Bit-Slice Design: Controllers and ALUs

by Donnamaie E. White

Copyright © 1996, 2001, 2002 Donnamaie E. White



Table of Contents

1. Introduction

2. Simple Controllers

3. Adding Programming Support to the Controller

4. Refining the CCU

5. Evolution of the ALU

6. The ALU and Basic Arithmetic

7. Tying the System Together





Last Edit Ocober 10, 1996; July 9, 2001

Language Interrelationships

Programming classes relate source code - written by the user in some programming language - to object code - the machine level - machine executable instructions - via an assembler or compiler. A compiler is a software program that translates a high-level (compiler level) language program into object code. An assembler is a software program that translates an assembly-level source program into object code. There are usually several compilers and one assembler per computer system.

Compilers translate at an average ratio of four to one (four machine instructions per source instruction [as in FORTRAN IV]) or higher (six to one for FORTRAN VI). Assemblers can be very nearly one to one, with assembly statements being a mnemonic form of the bit pattern machine instruction. In both cases, software is processed by software to produce software, as shown in Figure 1-3.

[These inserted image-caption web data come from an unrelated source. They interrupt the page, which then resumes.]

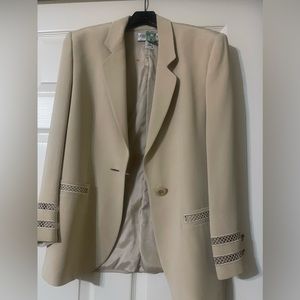 Griffith Gray Beige Blazer made in Italy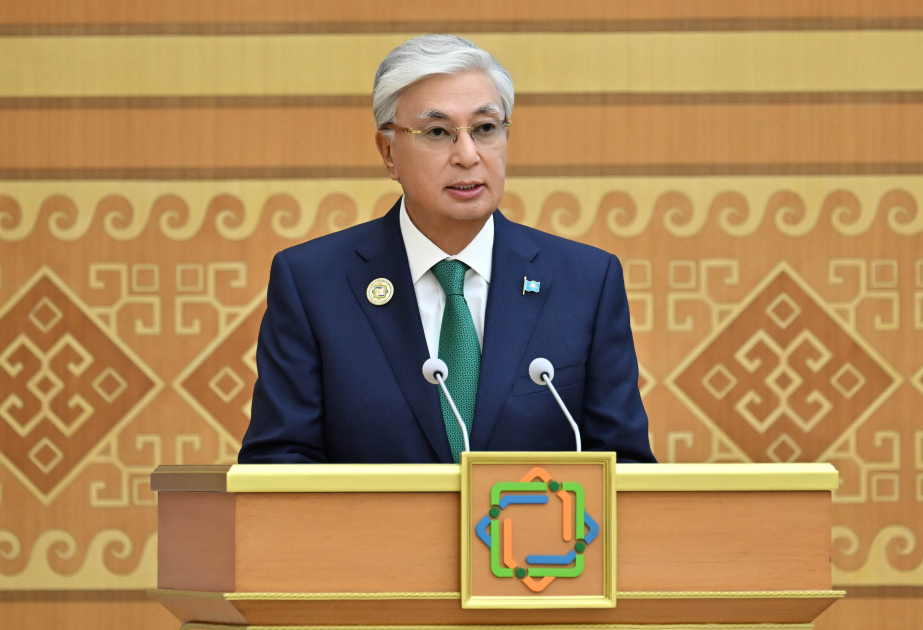 Токаев: Казахстан обеспечивает до 85 процентов сухопутного транзита между Азией и Европой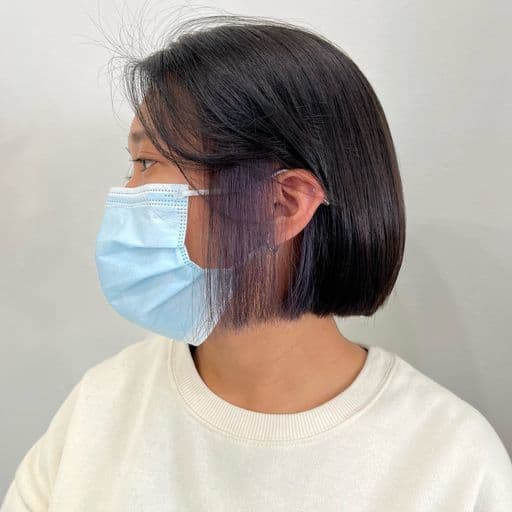女生短髮、女生染髮、漂色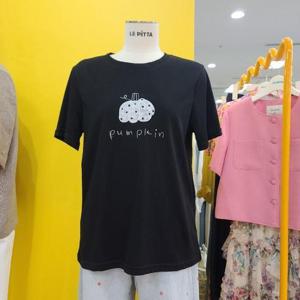 르피타 DP01 레터링 티셔츠 L252UTS771
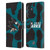 NHL San Jose Sharks Cow Pattern Leather Book Wallet Case Cover For Samsung Galaxy M55 5G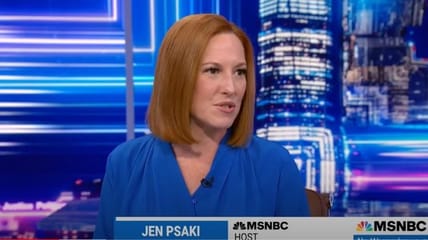 jen psaki msnbc appearance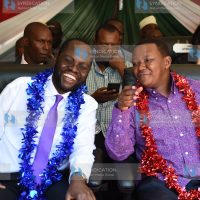 Governors Dr Alfred Mutua and Prof Anyang Nyong'o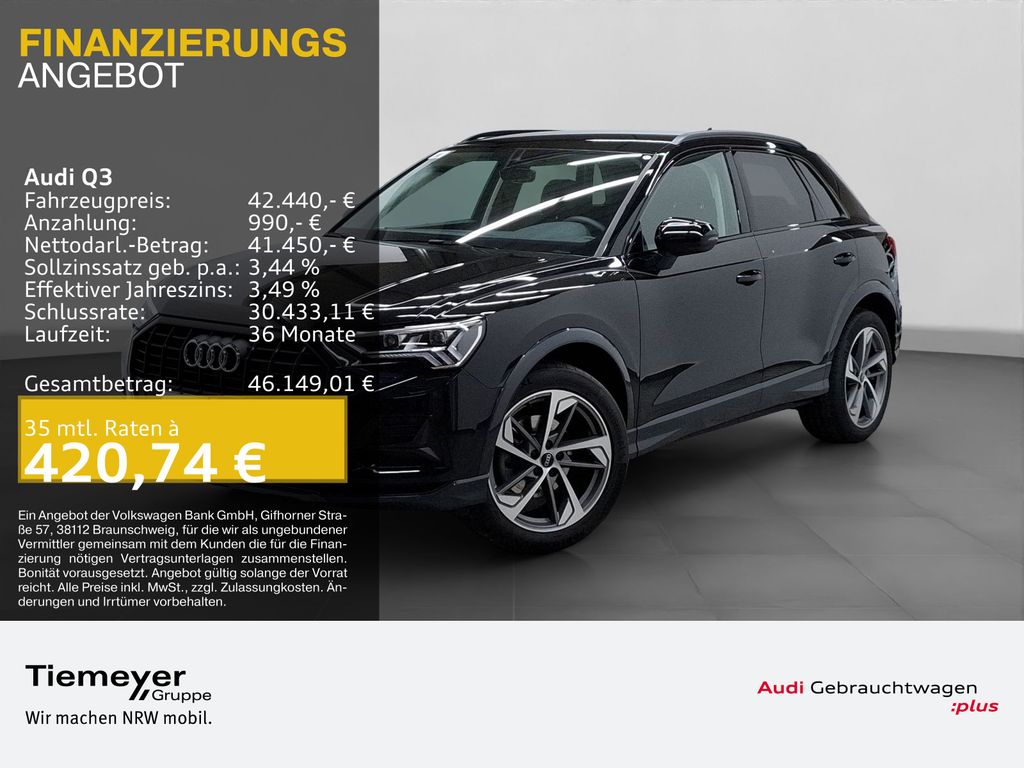 Audi Q3 2025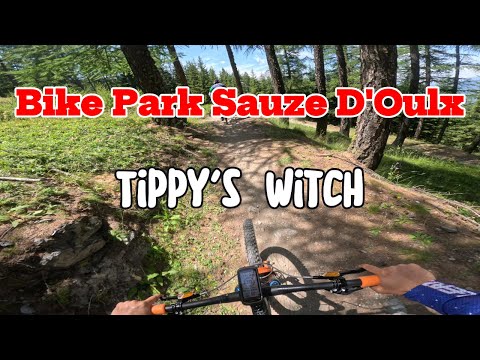 Bike Park Sauze D'Oulx Tippy's Witch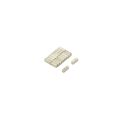 2.5 x 7 x 2.5mm thick N42 Neodymium Magnet - 0.4kg Pull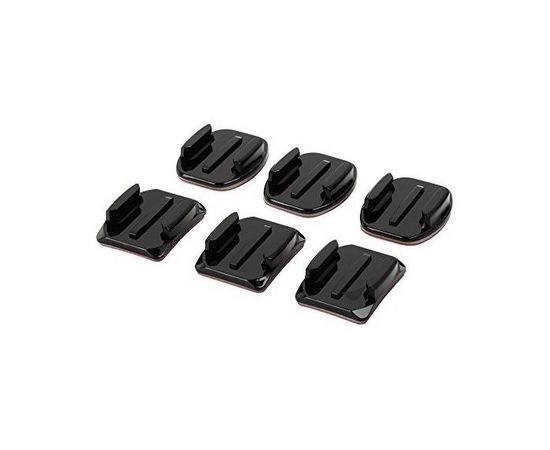 Крепление GoPro AACFT-001 Flat + Curved Adhesive Mounts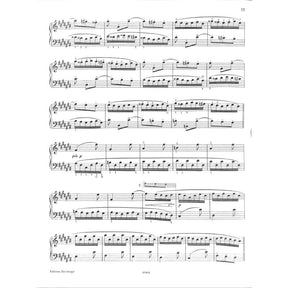 Das wohltemperierte Klavier 1/1 BWV 846-853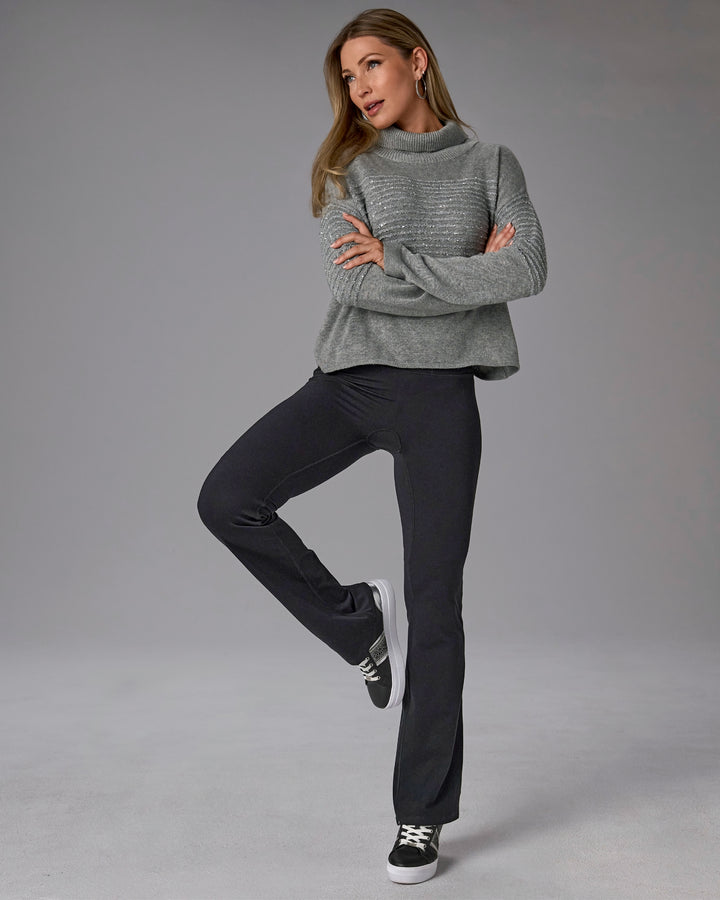 Bootcut Yoga Pant Black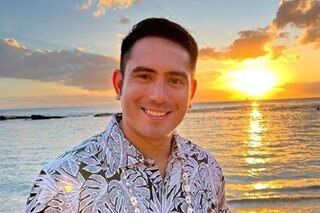 Gerald Anderson enjoys vacation with dad in Hawaii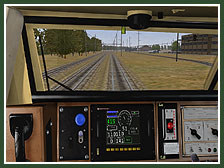 GE P42DC DAY CONDUCTOR CABVIEW FOR MICROSOFT TRAIN SIMULATOR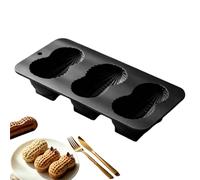 Silicone Cake mold - Non-Stick Jelly Mould Nut Shaped 3 Cavity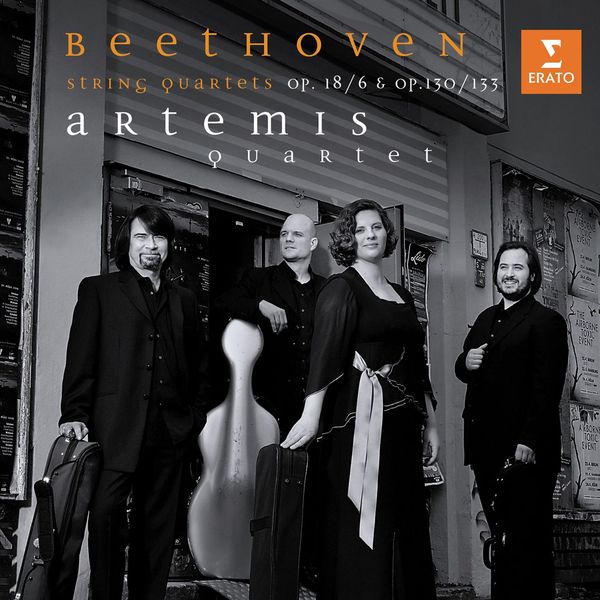 Quatuor Artemis|Ludwig van Beethoven : Quatuors Op.130 & Op.133 (Grande Fugue)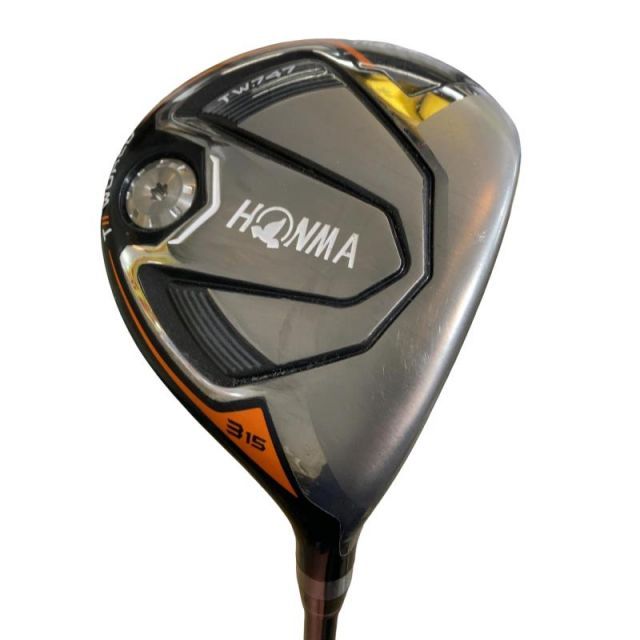 【中古】 本間ゴルフ TOUR WORLD TW747 3W フェアウェイウッド FW VIZARD for 747 50(フェアウェイ) (フレックスR) メンズ 男性用 右利き 右用 Cランク ゴルフクラブ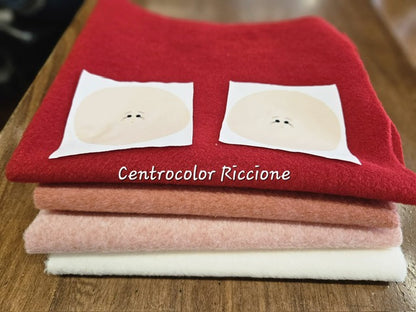 Kit 2 Fatine dei fiori con panfeltro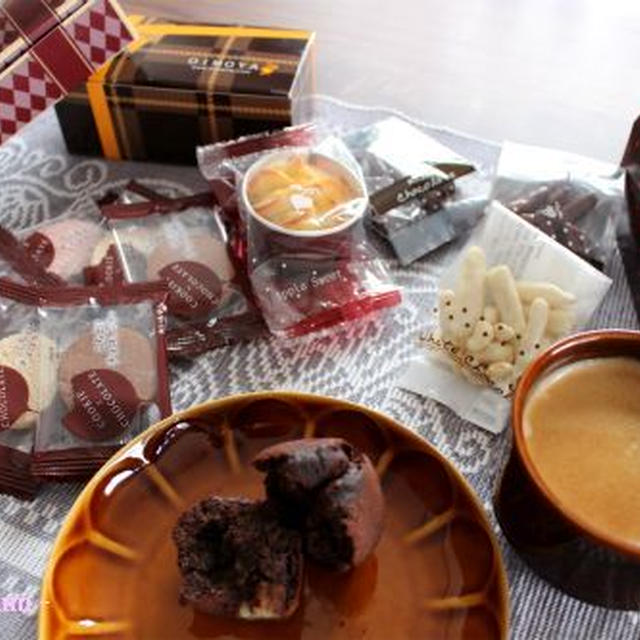 今日はどれを食べよう♪『おいもや』さんのホワイトデー商品詰め合わせ☆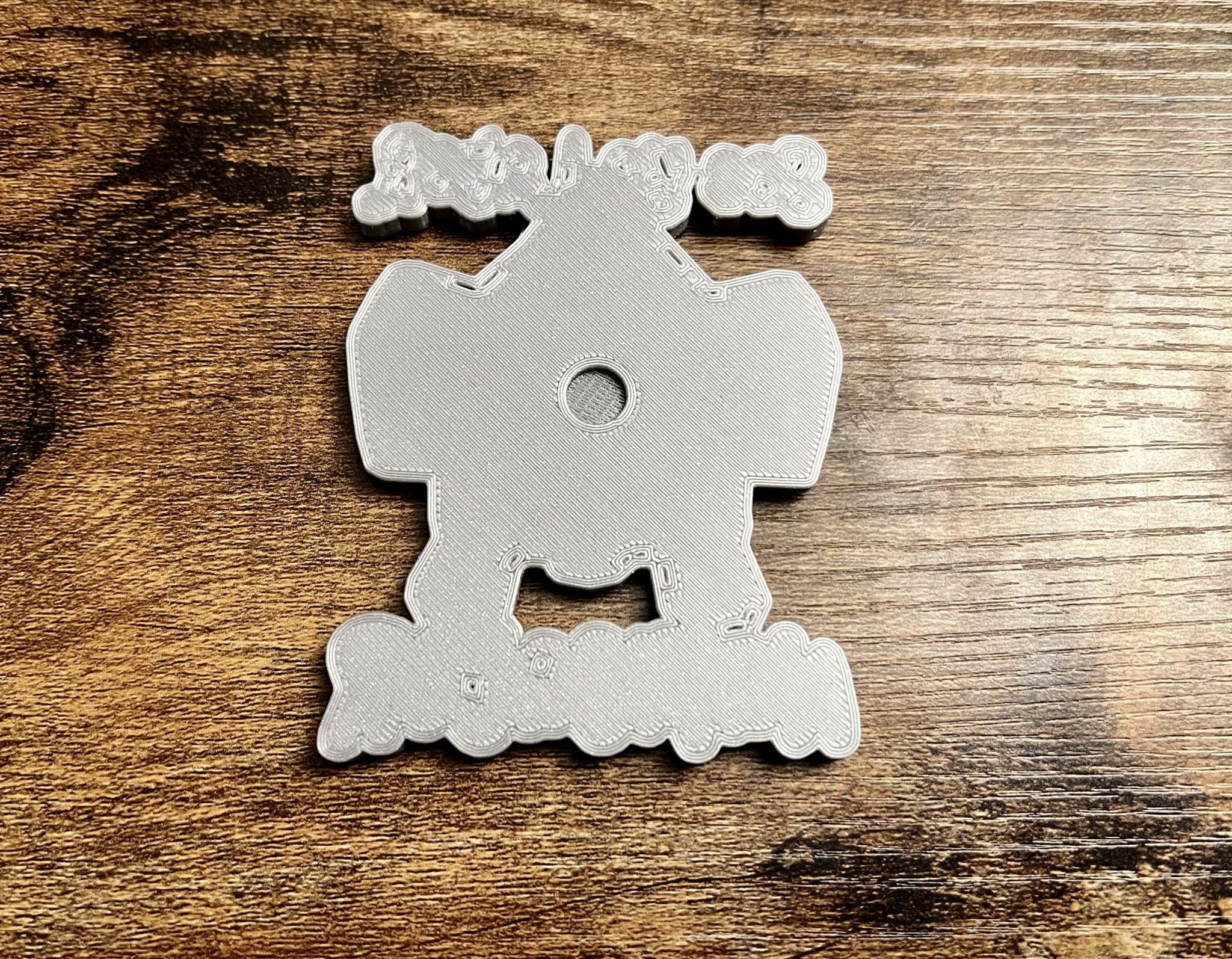 Nam châm bay Navigator 8x3mm phong cách phim 80s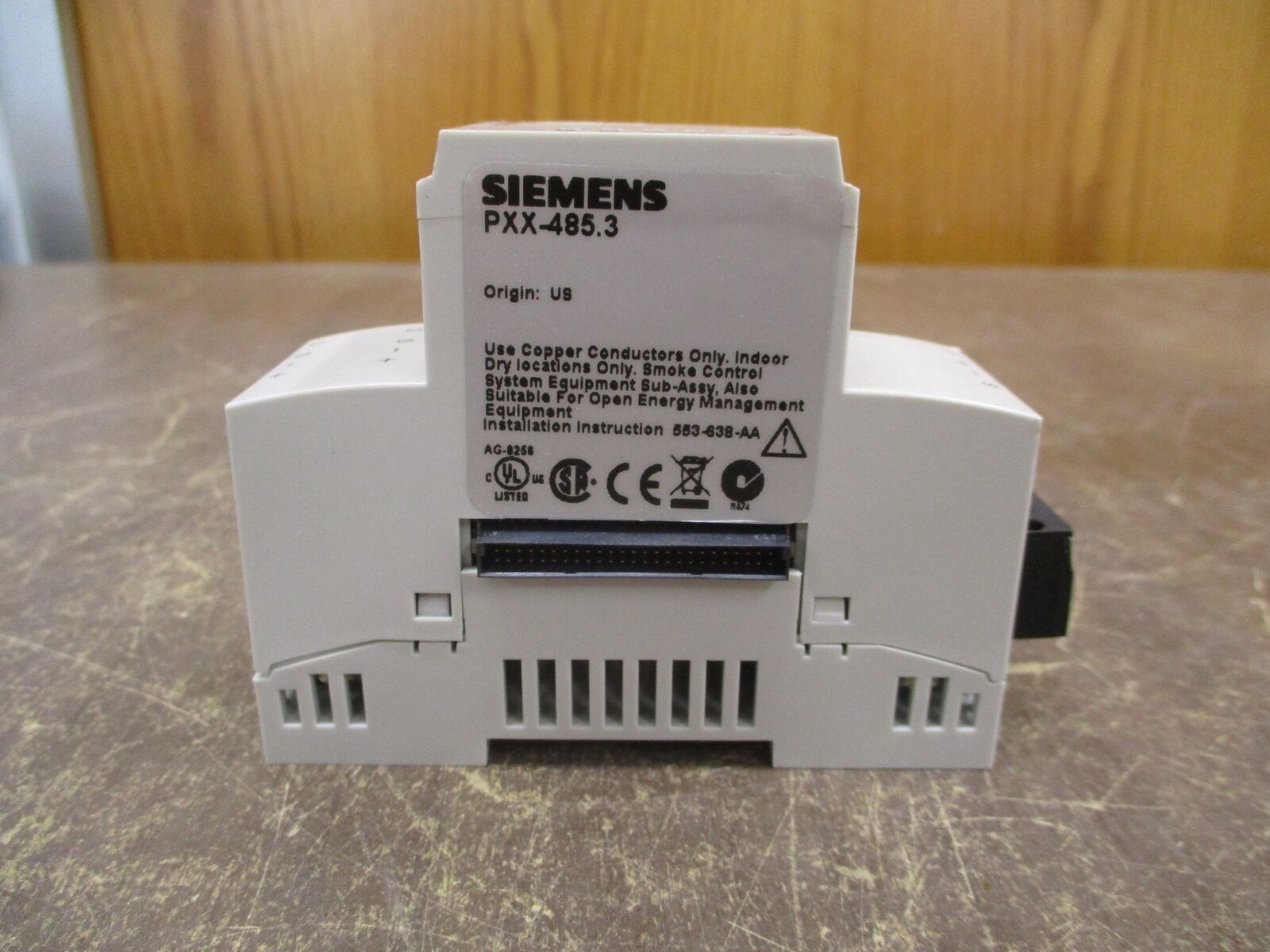 Siemens Modular Expansion Module PXX-485.3 Used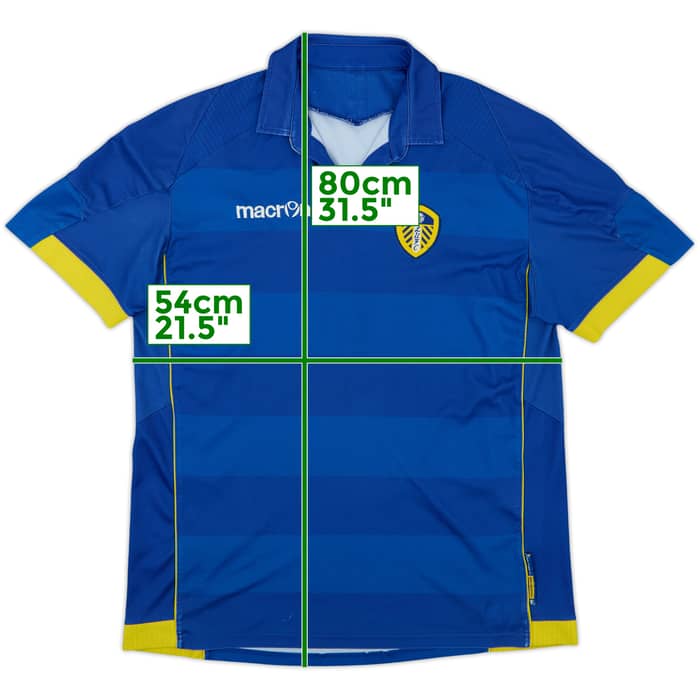 Camiseta de la tercera equipación del Leeds United 2011-12 - 7/10 - (L)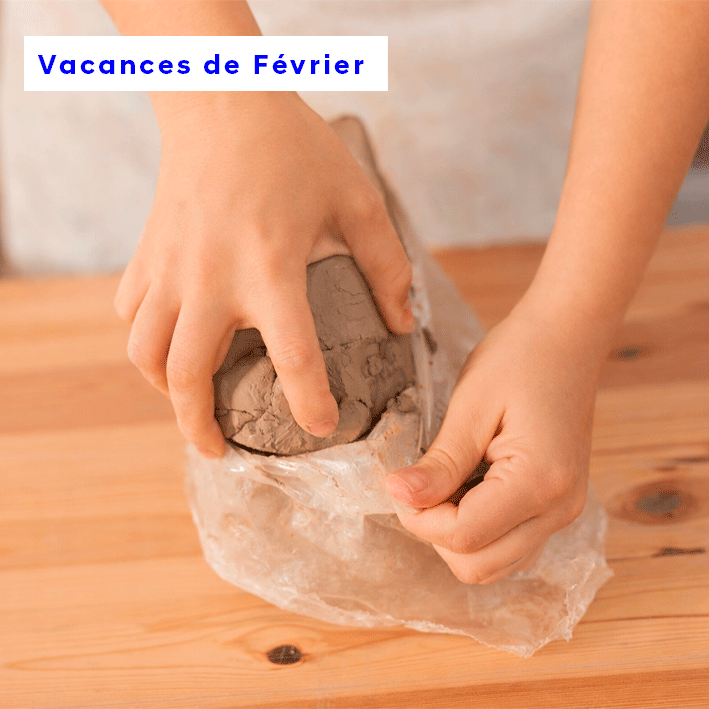 Stage 4 après-midi : Modelage • 5 à 10 ans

Figure 1-3 Language relationships

Input Program Produces
Basic source code
Basic Compiler Program
Machine-Level Instructions
Assembly source code
Assembler Program
Machine-Level Instructions
Machine-Level Instructions
Physical Control signals to system

High-Level Language

High-level languages are fairly free format, i.e., they have few columnar placement restrictions on the coding form (free-form), use pseudo-English mnemonics (LET, GOTO, IF), and have prewritten functions. Their capabilities include arrays, loops, branches and subroutines, with the emphasis on structured programming support with IF-THEN-ELSE, CASE and PROCEDURE statements.

Assembly Level Language

Assembly-level languages have a more restricted format, require a precise data definition, may involve the programmer in program placement in memory, and use mnemonics for instructions but have more of them. Most instructions or statements are restricted to one operation - hence the approximate one to one translation ratio. The assembly level programmer in general must know more about the machine being used than the programmer who writes in FORTRAN or BASIC.

Machine Level Language

Machine-level languages are the closest to the system of the software level languages. They are usually written using an encoding of instructions, data and addresses in either octal or hexadecimal notation, are more tedious to construct and debug and are more restrictive in the format required than the assembly level languages. They can require more specific detail from the programmer, depending on the complexity of the system being programmed.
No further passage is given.